Le consultant prévu par l’article R. 625-2 du code de justice administrative est tenu de respecter le principe du contradictoire
CE, 10 novembre 2022, Association syndicale autorisée du canal de Ventavon-Saint-Tropez, req. n° 456661
Par un arrêt du 10 novembre 2022 mentionné dans les tables du recueil Lebon, le Conseil d’Etat a été amené à se prononcer sur l’application du principe du contradictoire au consultant prévu par l’article R. 625-2 du code de justice administrative.
Pour mémoire, ces dispositions prévoient que :
« Lorsqu’une question technique ne requiert pas d’investigations complexes, la formation de jugement peut charger la personne qu’elle commet de lui fournir un avis sur les points qu’elle détermine. Elle peut, à cet effet, désigner une personne figurant sur l’un des tableaux établis en application de l’article R. 221-9. Elle peut, le cas échéant, désigner toute autre personne de son choix. Le consultant, à qui le dossier de l’instance n’est pas remis, n’a pas à opérer en respectant une procédure contradictoire à l’égard des parties. (…) ».

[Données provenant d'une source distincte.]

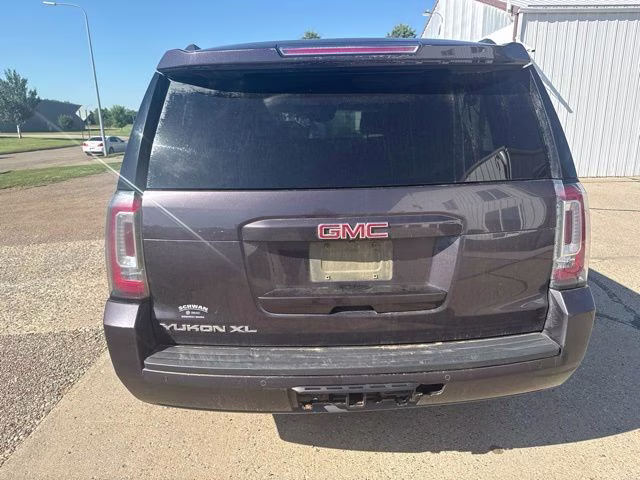 2016 Gray GMC Yukon XL SLT 4X4 SUV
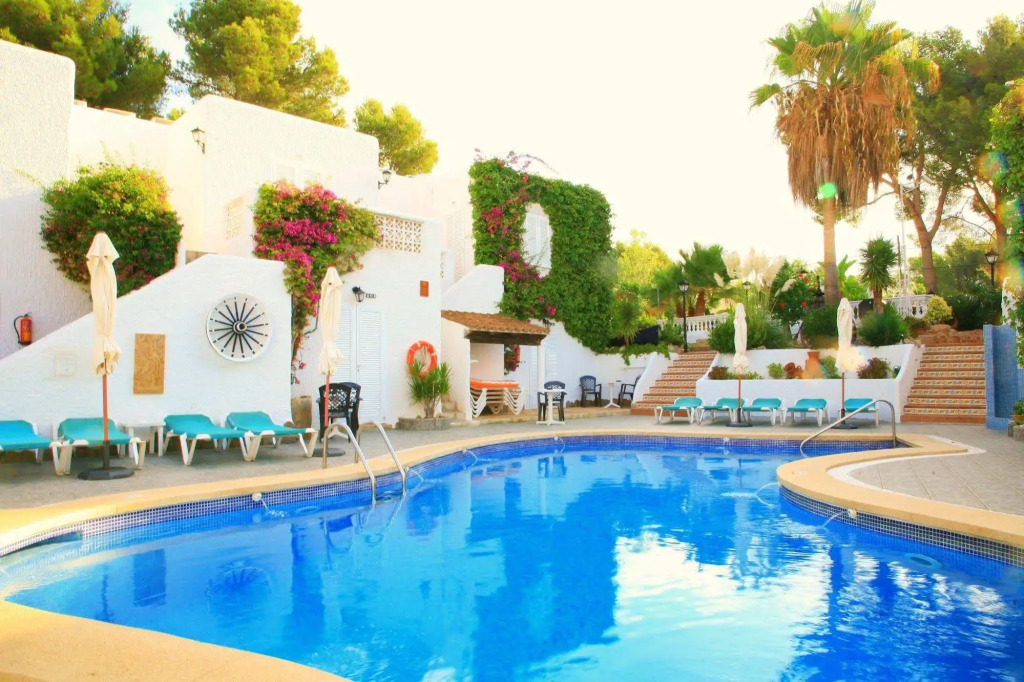 Villa Columbus Rooms and Restaurant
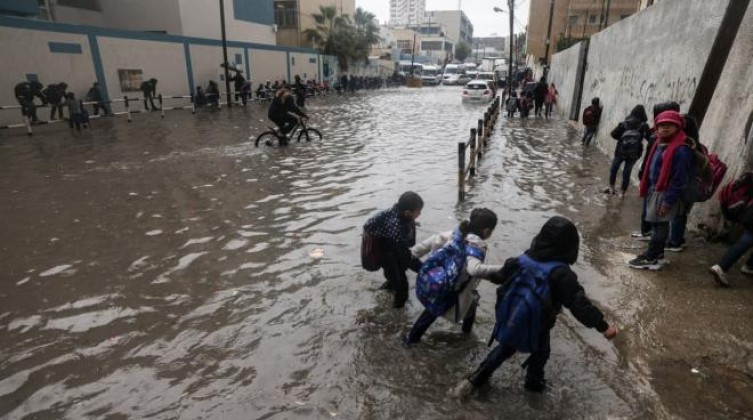 التعليم بغزة تقرر تعطيل الدراسة غدًا للحكومة والوكالة ورياض الأطفال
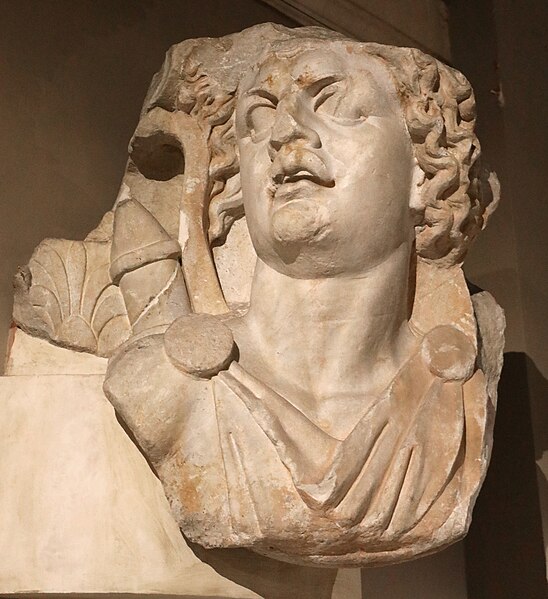 File:Capitello con busto di apollo, periodo ellenistico, da didyma.jpg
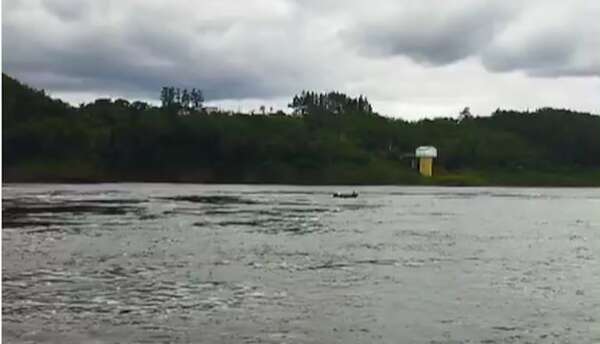Una de las niñas halladas en el río Paraná falleció a raíz de un golpe en la cabeza - ABC en el Este - ABC Color
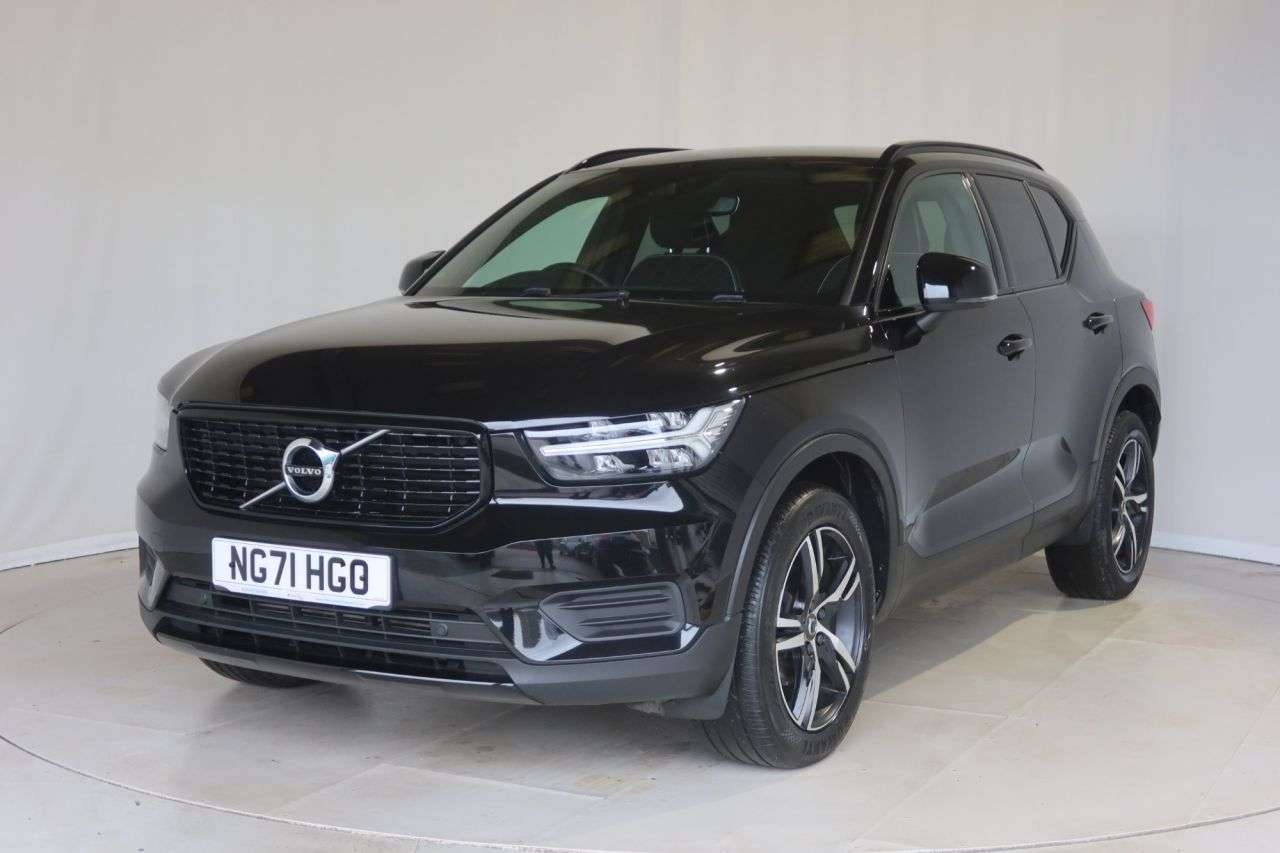 A 2021 VOLVO XC40 1.5 T3 R-Design SUV 5dr Petrol Auto Euro 6 (s/s) (163 ps) FIXED TOWBAR A 2021 VOLVO XC40 1.5 T3 R-Design SUV 5dr Petrol Auto Euro 6 (s/s) (163 ps) FIXED TOWBAR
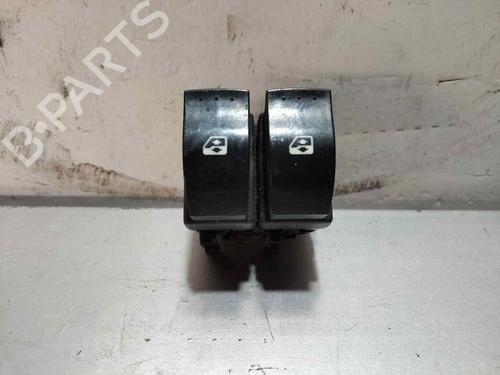 Used Left front window switch Left front window switch RENAULT MEGANE II (BM0/1_, CM0/1_) 1.9 dCi (110 hp) 32678977 32678977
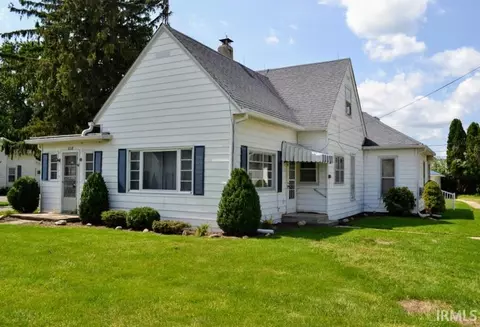 608 N Independence St, Windfall, IN 46076 photo 2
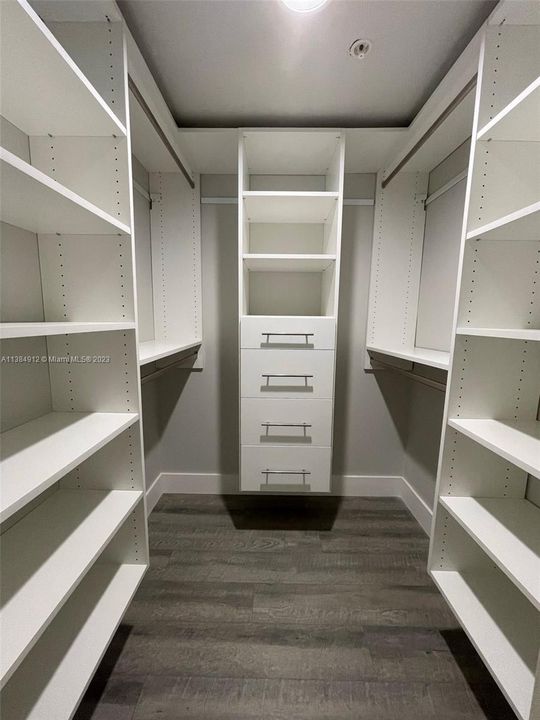 Vendido Recientemente: $287,500 (2 camas, 2 baños, 1065 Pies cuadrados)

En l’espèce, en s’appuyant sur une convention conclue entre l’association syndicale autorisée du canal de Ventavon-Saint-Tropez et Electricité de France en 1972, EDF a sollicité du juge administratif, à titre principal, la condamnation de l’association à lui verser une somme de 207.801,95 euros HT, et, à titre subsidiaire la désignation d’un expert pour évaluer le montant de la consommation d’électricité.
En appel, avant de statuer sur le fond, la Cour administrative d’appel de Marseille a demandé un avis à un consultant technique. A la suite de l’avis rendu par ce dernier, les juges d’appel ont condamné l’association à indemniser EDF.
Estimant que l’avis avait été irrégulièrement émis par le consultant, faute pour ce dernier de l’associer à ses opérations auxquelles les représentants d’EDF étaient présents, l’association s’est pourvue en cassation.
Le Conseil d’Etat rappelle, au visa de l’article R. 625-2 du code de justice administrative, que « si le consultant désigné par le juge n’est pas tenu d’élaborer son avis dans le cadre d’une procédure contradictoire, il doit, dès lors qu’il est amené à entendre l’une des parties au procès ou à examiner des pièces produites par elle, associer en principe l’autre partie au procès à ces auditions ou examens, dans toute la mesure où le respect d’un secret, tel que le secret médical ou le secret des affaires, ne s’y oppose pas ».
Ainsi, le Conseil d’Etat considère que le consultant est tenu de respecter, a minima, le principe du contradictoire en associant, dans la mesure du possible, les parties à ses opérations.
Or, en l’occurrence, le consultant désigné par la Cour administrative d’appel avait pris connaissance de pièces transmises par la société EDF et avait entendu des représentants de cette dernière sans pour autant associer l’association à ces auditions et examens, méconnaissant dès lors le principe du contradictoire.
D’après le Conseil d’Etat, cette circonstance est constitutive d’une erreur de droit.
Cependant, réglant l’affaire au fond, le Conseil d’Etat considère que le non-respect du principe du contradictoire par le consultant ne fait pas obstacle à ce que la teneur des informations contenues dans cet avis puisse être prise en compte, les parties ayant pu formuler leurs observations au cours de la procédure qui a suivi le versement au dossier de cet avis.
Dans ces conditions, le Conseil d’Etat confirme la condamnation de l’association à indemniser EDF.